Oh, I know BMW and others claim to be moving towards EVs, but the press
release vs actual deployment is much worse even than Tesla.

Tesla's manufacturing numbers until now were almost all high-end luxury
vehicles, so of course they wouldn't equal conventional manufacturers on
automation and mass production. Additionally, of course Tesla's worker numbers
look worse than a non-vertically-integrated company that just buys parts (of
course, those parts also require a whole bunch of workers that aren't
counted).

Sure, you can think they only can make 800 cars per week, but customers are
getting their cars now at a faster rate.

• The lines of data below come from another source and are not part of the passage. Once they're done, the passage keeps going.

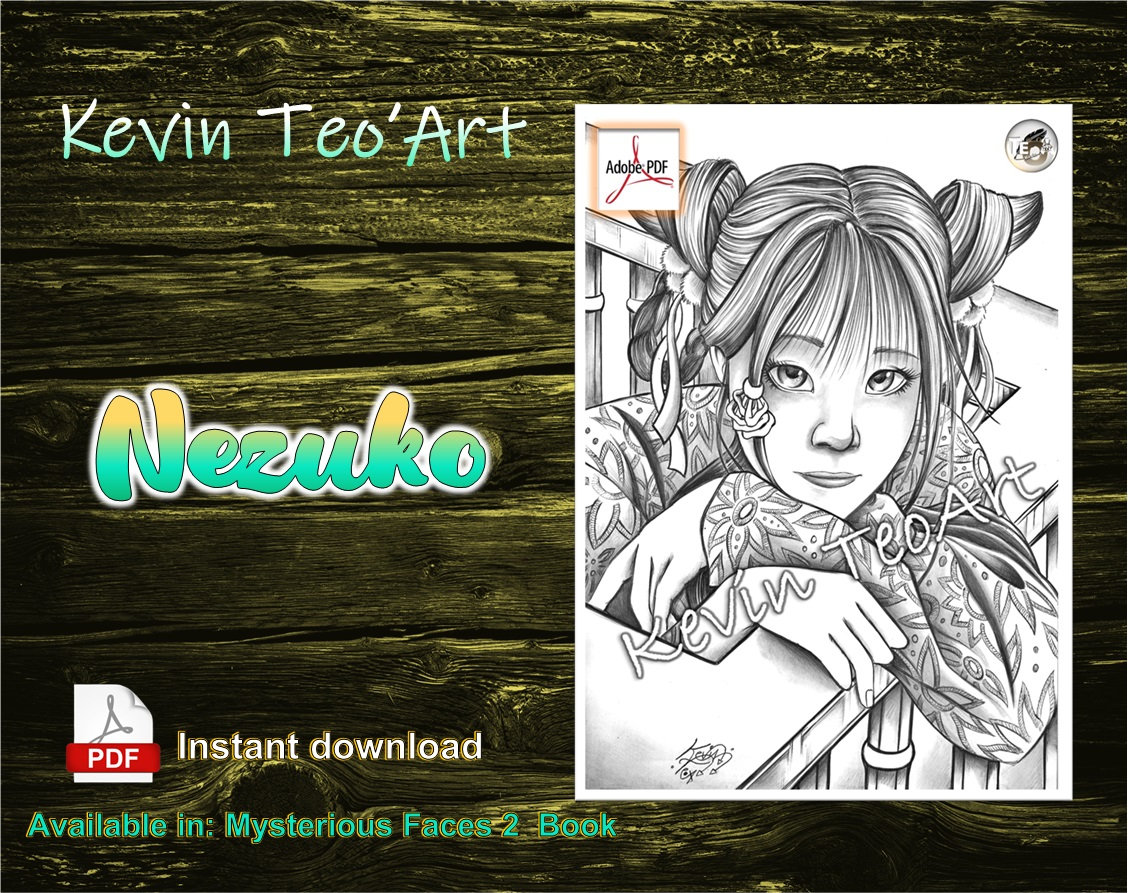 Nezuko kevin teoart coloring page grayscale illustration coloring page download printable file pdf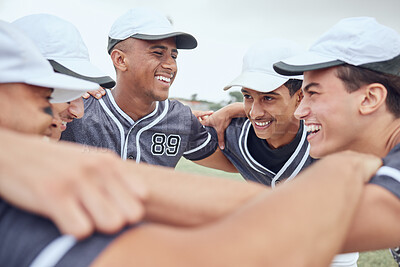 Buy stock photo Team, baseball men in game, strategy or planning on grass pitch, sports field or team building in fitness, training or workout match. Smile, happy sport people in motivation talk in softball huddle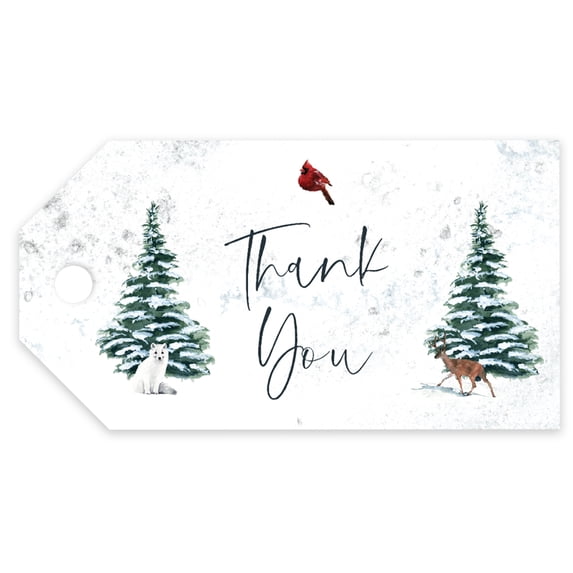 Koyal Wholesale Winter Woodland Watercolor Baby Shower, Classic Tags, Thank You, 20-Pack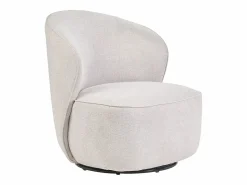Miliboo Sillón moderno giratorio de tejido efecto aterciopelado texturizado AMBER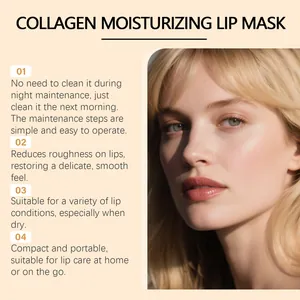 Vorteile der Kollagen-Lippenmaske neben dem Porträt einer blonden Frau erklärt.
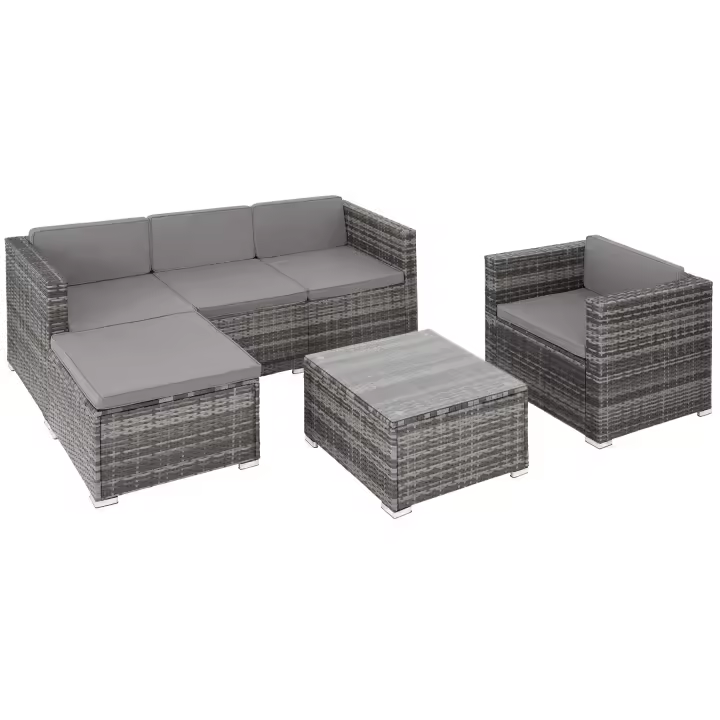 Tectake - Conjunto de ratán LIGNANO con sillón, Conjunto de ratán de seis piezas, Fino trenzado de ratán sintético con protección UVA, Sólida estructura de acero con revestimiento en polvo - 1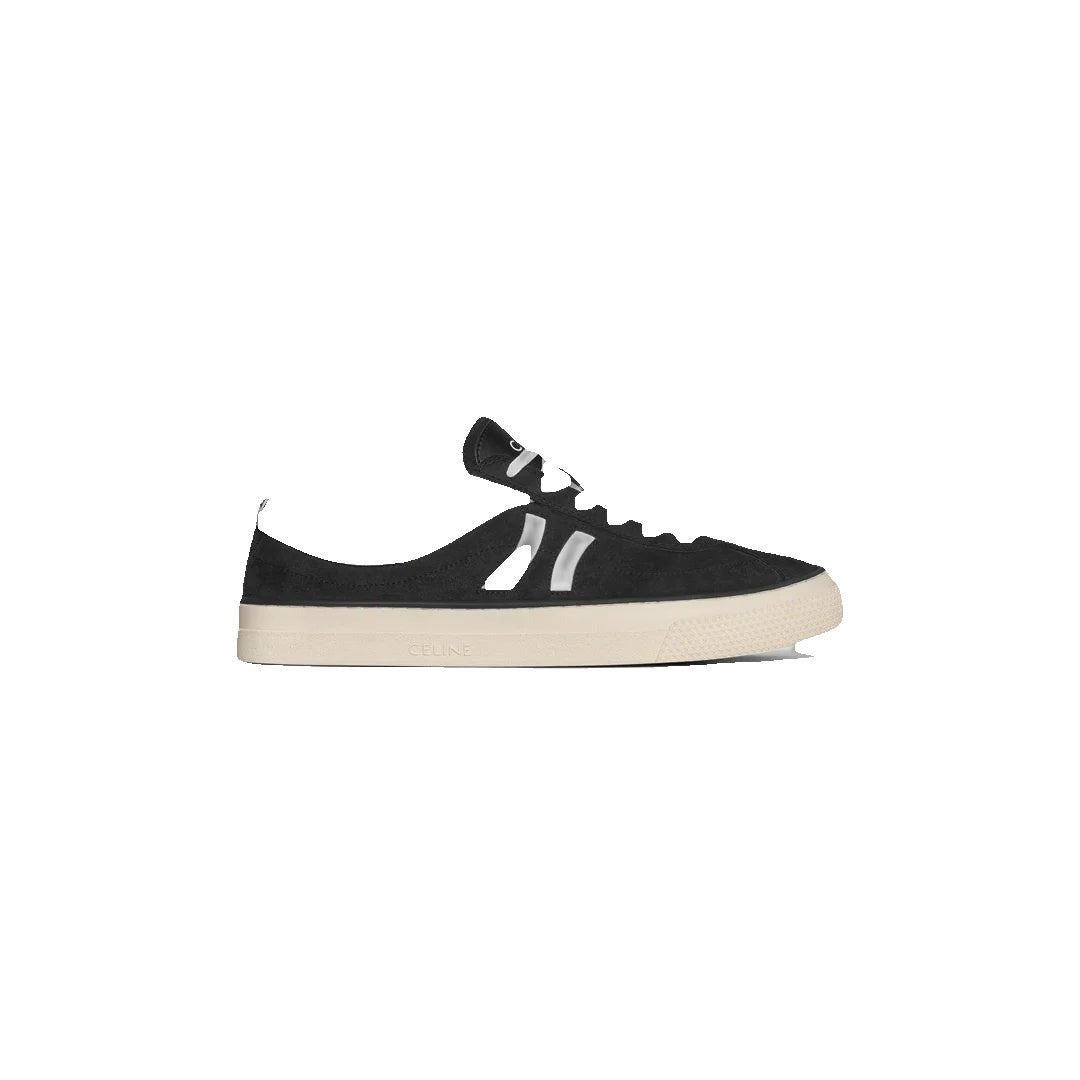 Celine Logo Velvet Suede Sneaker - Black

I'm merely saying what will most
likely happen, not what's PROVEN BEYOND ALL DOUBT.

------
jacquesm
> If Tesla can indeed maintain its current production rate

That's the key sentence, and with the number of people involved in producing a
Model 3 they will be hard pressed to keep that up without fixing the
underlying issues with the production line. But they clearly did everything
they could to end the quarter on a high note and investors bought it so props
to Elon Musk for buying himself another 90 days.

Do keep in mind that the original projection for end of Q1 production volume
was 5000 cars / week, not 2500 so it isn't nearly the coup that it is made out
to be and it came at the expense of their other production lines. It will be
interesting to see how much those other models (S and X) dropped in production
volume at the end of Q1. That will tell the real story.

------
skgoa
(in the one quarter they made a huge, unsustainable effort to push production
rate as high as possible)

------
dingo_bat
But according to every analyst and their dad tesla is going bankrupt any day
now.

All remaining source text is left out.